Orientation Day

A couple of things came to mind recently.

In my photographic life, we have shifted from a “portrait orientation for magazine cover” process to a “horizontal to match screens” expectation. e have also gone through several preferred formats to end up pretty much where we started.

In my formative years, you always had to shoot that portrait orientated cover shot image in each set. No good getting the cracker of an image in horizontal, that would only ever be a page sharer or maybe a centre fold if you were lucky, but without the cover shot to sell the mag, no-one was going to get to look in the centre.

Right shape for the shot on this occasion and used to help determine if the touch was made.

In my current role, I have to shoot mostly horizontally. This is because of the obvious landscape orientation of a screen, but also allows a portrait to be extracted as needed.

I find portrait mode better for long lenses though when shooting sport.

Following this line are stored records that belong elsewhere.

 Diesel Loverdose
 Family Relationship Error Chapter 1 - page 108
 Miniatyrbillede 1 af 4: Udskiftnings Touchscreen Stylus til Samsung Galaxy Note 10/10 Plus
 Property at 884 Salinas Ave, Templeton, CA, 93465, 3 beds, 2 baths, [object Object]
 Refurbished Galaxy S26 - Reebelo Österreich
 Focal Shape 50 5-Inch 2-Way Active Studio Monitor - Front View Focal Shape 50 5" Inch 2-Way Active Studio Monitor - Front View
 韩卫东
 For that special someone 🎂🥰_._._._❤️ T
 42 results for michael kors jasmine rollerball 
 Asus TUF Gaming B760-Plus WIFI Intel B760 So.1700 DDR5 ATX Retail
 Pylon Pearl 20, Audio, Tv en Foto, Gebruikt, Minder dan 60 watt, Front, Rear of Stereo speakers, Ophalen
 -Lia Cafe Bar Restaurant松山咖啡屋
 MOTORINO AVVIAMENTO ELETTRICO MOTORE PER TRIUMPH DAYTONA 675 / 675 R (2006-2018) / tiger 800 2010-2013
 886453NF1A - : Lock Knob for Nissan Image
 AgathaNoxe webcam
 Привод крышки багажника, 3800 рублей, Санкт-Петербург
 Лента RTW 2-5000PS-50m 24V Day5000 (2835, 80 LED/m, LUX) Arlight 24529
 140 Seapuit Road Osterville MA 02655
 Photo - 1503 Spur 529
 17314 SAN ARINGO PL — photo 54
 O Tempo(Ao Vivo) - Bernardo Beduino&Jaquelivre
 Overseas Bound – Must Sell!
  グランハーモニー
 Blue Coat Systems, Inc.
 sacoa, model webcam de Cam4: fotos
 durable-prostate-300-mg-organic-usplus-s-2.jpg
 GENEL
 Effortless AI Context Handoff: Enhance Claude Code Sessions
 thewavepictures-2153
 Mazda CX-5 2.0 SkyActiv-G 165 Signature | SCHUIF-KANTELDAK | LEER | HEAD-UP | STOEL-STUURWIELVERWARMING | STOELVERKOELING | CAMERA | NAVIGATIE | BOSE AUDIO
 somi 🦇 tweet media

Half a cut off body with room each side in a horizontal composition makes little sense, but a tight top to bottom shot feels right even if too tight. You have the same sized subject at longer distances, but effectively gain the “height” to your image of a shorter lens used horizontally.

The action was too fast to switch to the camera with the shorter zoom, so I just followed and shot.

Another that would be pointless in horizontal. I am often surprised how close they can get with a 600mm equivalent pointed at them in this orientation. The next phase was a quick try.

4:3 ratio is older and more logical than the now common 3:2 ratio. When 3:2 reigned (35mm film), the risk was always that even your portrait shots would end up losing a little length (or height). Look at a national Geographic cover. They are 4:3 ratio. I am lucky I guess, that with 4:3 in a 3:2 world, I am closer to one of the true formats, square*.

*For me, there are only two formats, square and wide screen (16:9 or more). Sure was very popular with medium format shooters, who had quality to spare, because it could be effortlessly made horizontal or vertical. Wide screen is just more cinematic, dramatic and evocative.